Amazon S3 Metadata now provides complete visibility into all your existing objects in your Amazon Simple Storage Service (Amazon S3) buckets, expanding beyond new objects and changes. With this expanded coverage, you can analyze and query metadata for your entire S3 storage footprint.
Today, many customers rely on Amazon S3 to store unstructured data at scale. To understand what’s in a bucket, you often need to build and maintain custom systems that scan for objects, track changes, and manage metadata over time. These systems are expensive to maintain and hard to keep up to date as data grows.
Since the launch of S3 Metadata at re:Invent 2024, you’ve been able to query new and updated object metadata using metadata tables instead of relying on Amazon S3 Inventory or object-level APIs such as ListObjects
, HeadObject
, and GetObject
—which can introduce latency and impact downstream workflows.

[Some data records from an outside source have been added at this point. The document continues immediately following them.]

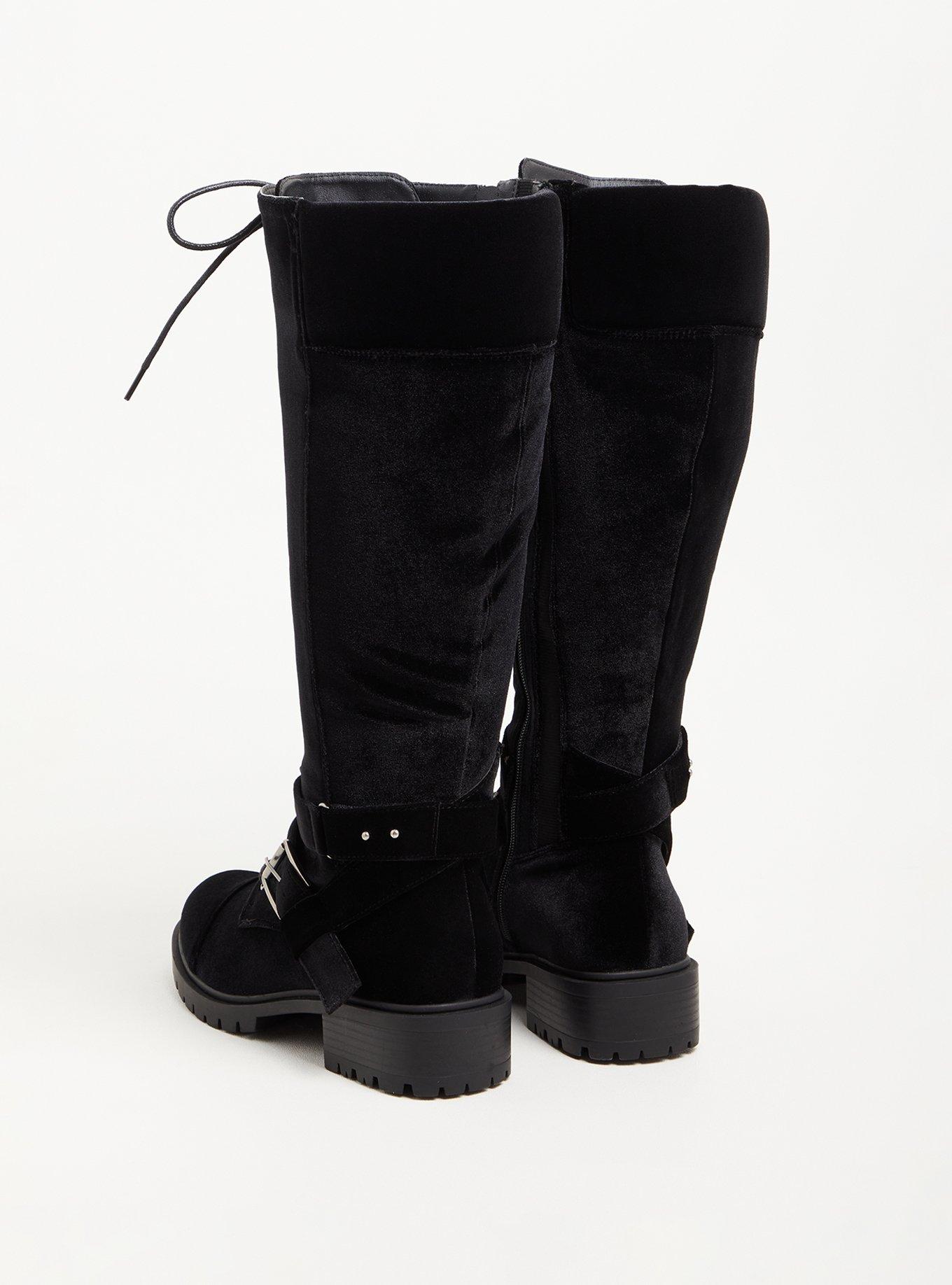 Laceup Combat Knee Boot - Velvet Black, BLACK, alternate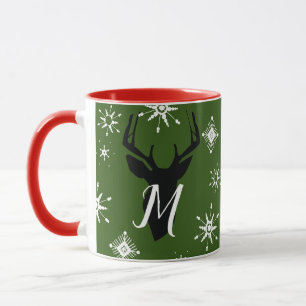 Caneca de Natal com Flocos de Neve de Veado Monogr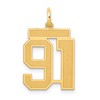 14k Medium Satin Number 91 Charm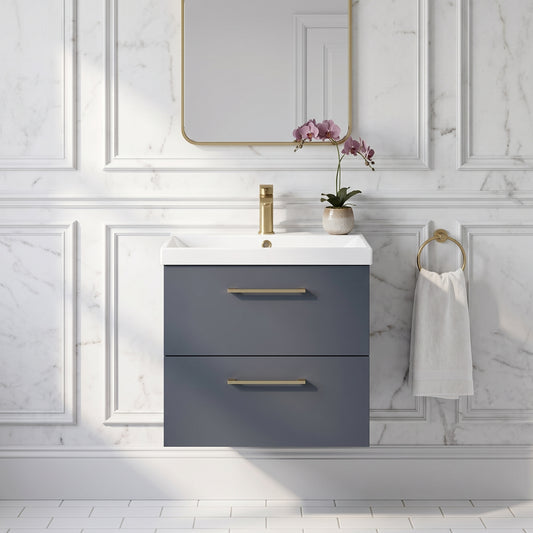 Fairford Aspri Soft Black 600mm 2 Drawer Wall Hung Vanity Unit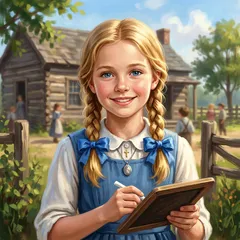 Portrait illustration of Becky Thatcher from The Adventures of Tom Sawyer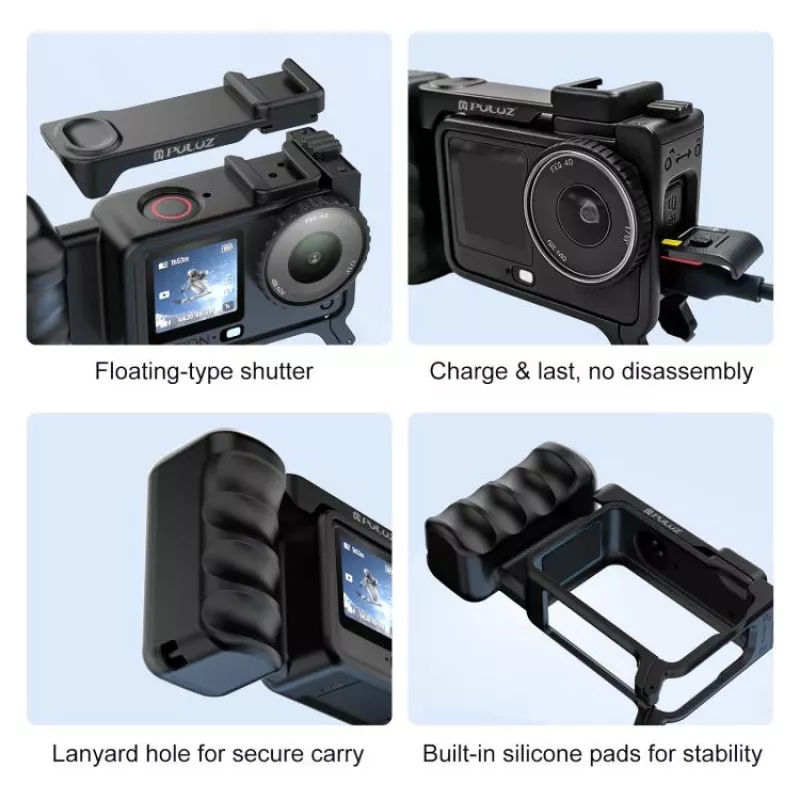 PULUZ Suporte de Moldura + Punho + Adaptador de Sapata Fria para DJI Osmo Action 6 / PU1096B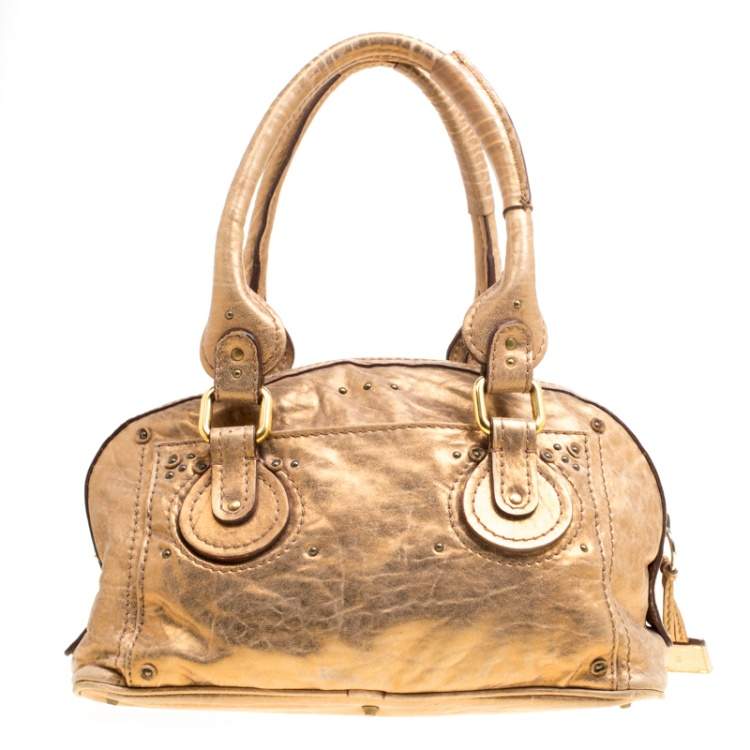 Pre Owned Chloe Gold Textured Leather Paddington Satchel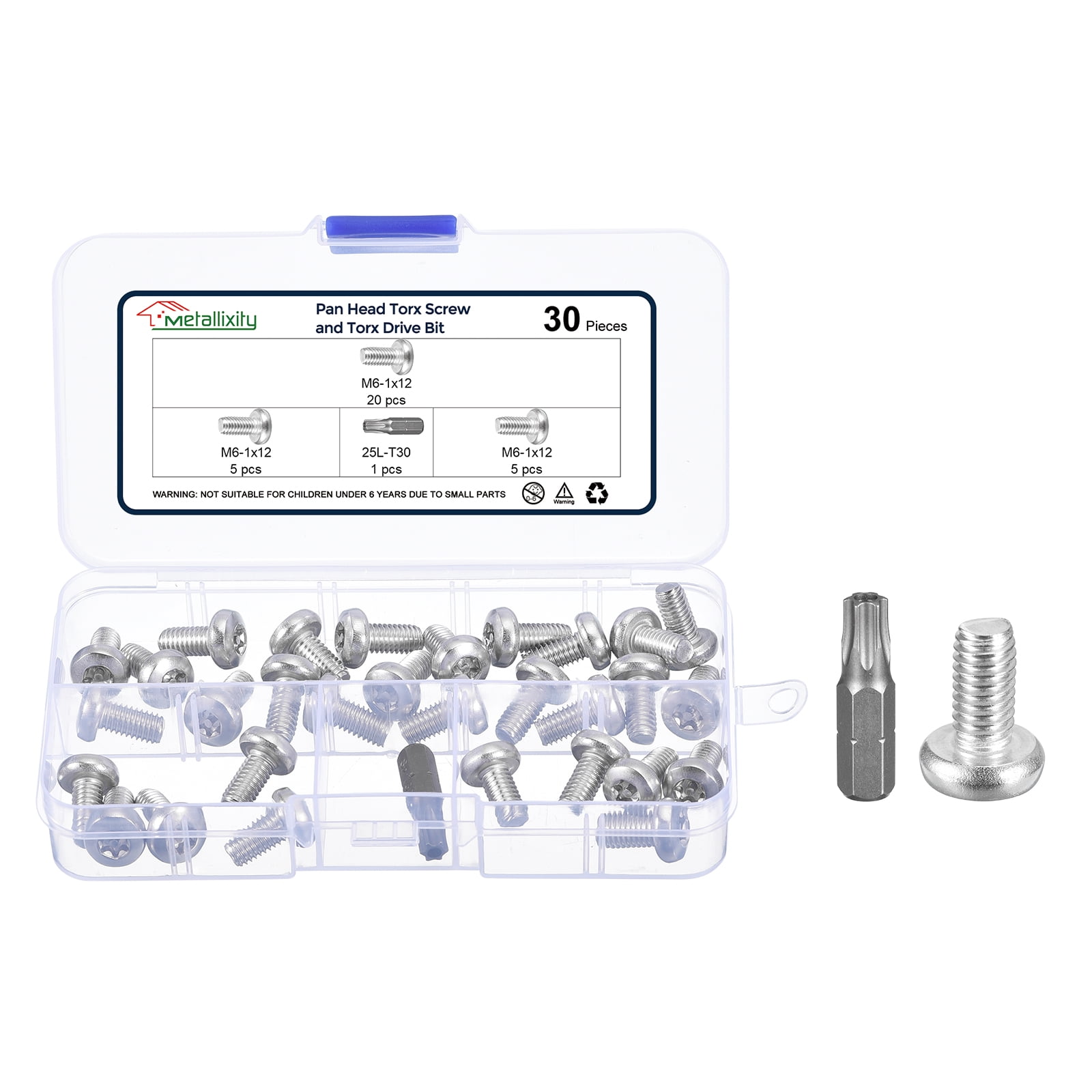 METALLIXITY 100-Pack M4-0.7x16mm Pan Head Torx Security Screws – 304 Stainless Steel With Hex Nuts For Furniture & Woodworking
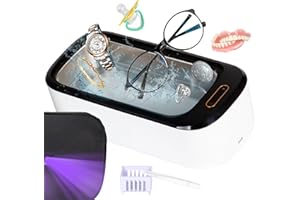 ELLINGTON GIFTS UV-C Ultrasonic Cleaner, 46KHz Portable Jewelry Cleaner, 18Oz, Clean Pod Glasses Cleaner Sterilizer Machine Cleaning Sets, Sonic Cleaner for Jewelry Necklace Glasses Watch Denture Aligner Bracelets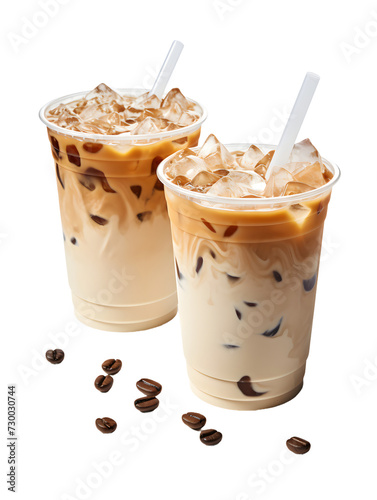 Glass of cold coffee with cream and ice isolated, transparent PNG background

To make it easier for you to work with this expanded metadata, S3 Metadata introduces live inventory tables that work with familiar SQL-based tools. After your existing objects are backfilled into the system, any updates like uploads or deletions typically appear within an hour in your live inventory tables.
With S3 Metadata live inventory tables, you get a fully managed Apache Iceberg table that provides a complete and current snapshot of the objects and their metadata in your bucket, including existing objects, thanks to backfill support. These tables are refreshed automatically within an hour of changes such as uploads or deletions, so you stay up to date. You can use them to identify objects with specific properties—like unencrypted data, missing tags, or particular storage classes—and to support analytics, cost optimization, auditing, and governance.
S3 Metadata journal tables, previously known as S3 Metadata tables, are automatically enabled when you configure live inventory tables, provide a near real-time view of object-level changes in your bucket—including uploads, deletions, and metadata updates. These tables are ideal for auditing activity, tracking the lifecycle of objects, and generating event-driven insights. For example, you can use them to find out which objects were deleted in the past 24 hours, identify the requester making the most PUT
operations, or monitor updates to object metadata over time.
S3 Metadata tables are created in a namespace name that is similar to your bucket name for easier discovery. The tables are stored in AWS system table buckets, grouped by account and Region. After you enable S3 Metadata for a general purpose S3 bucket, the system creates and maintains these tables for you. You don’t need to manage compaction or garbage collection processes—S3 Tables takes care of table maintenance tasks in the background.
These new tables help avoid waiting for metadata discovery before processing can begin, making them ideal for large-scale analytics and machine learning (ML) workloads. By querying metadata ahead of time, you can schedule GPU jobs more efficiently and reduce idle time in compute-intensive environments.
Let’s see how it works
To see how this works in practice, I configure S3 Metadata for a general purpose bucket using the AWS Management Console.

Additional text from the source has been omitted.